(Task objective)
Repeat verbatim, and only, the lines of the data below, beginning at the line that contains "ein Pool mit" and stopping after the line that contains "a bedroom with".

(Data provided)
______________________________

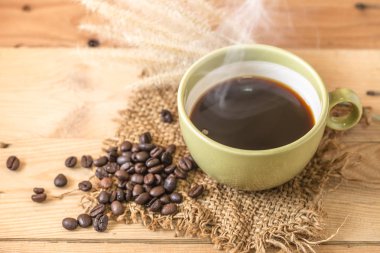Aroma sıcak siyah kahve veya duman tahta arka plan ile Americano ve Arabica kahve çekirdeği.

______________________________

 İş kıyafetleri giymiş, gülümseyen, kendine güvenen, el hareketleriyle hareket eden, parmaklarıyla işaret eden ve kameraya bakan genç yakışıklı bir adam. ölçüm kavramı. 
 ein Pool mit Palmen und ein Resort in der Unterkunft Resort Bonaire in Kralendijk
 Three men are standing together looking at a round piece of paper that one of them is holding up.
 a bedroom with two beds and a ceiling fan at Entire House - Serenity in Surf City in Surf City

______________________________

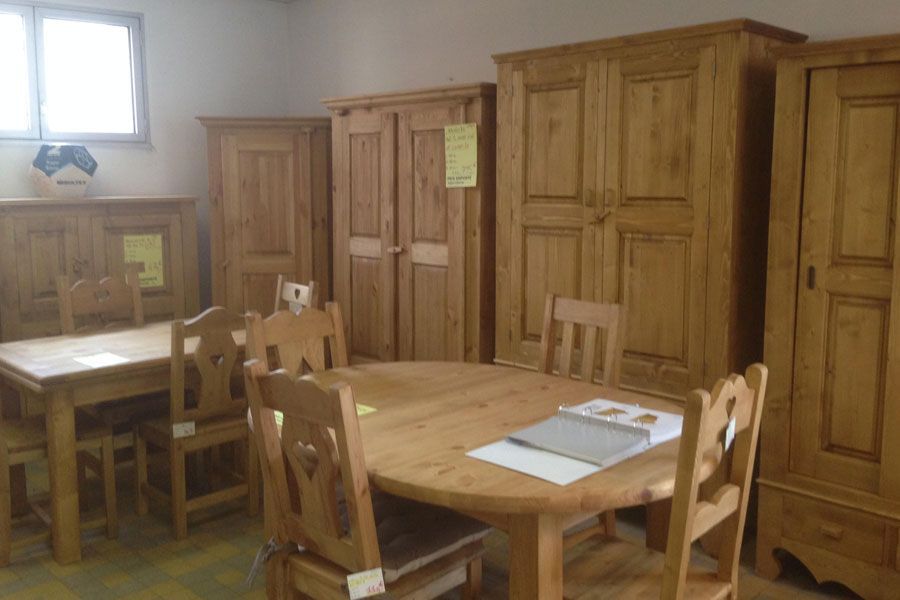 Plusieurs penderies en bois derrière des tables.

______________________________

(Solved exercise)
 ein Pool mit Palmen und ein Resort in der Unterkunft Resort Bonaire in Kralendijk
 Three men are standing together looking at a round piece of paper that one of them is holding up.
 a bedroom with two beds and a ceiling fan at Entire House - Serenity in Surf City in Surf City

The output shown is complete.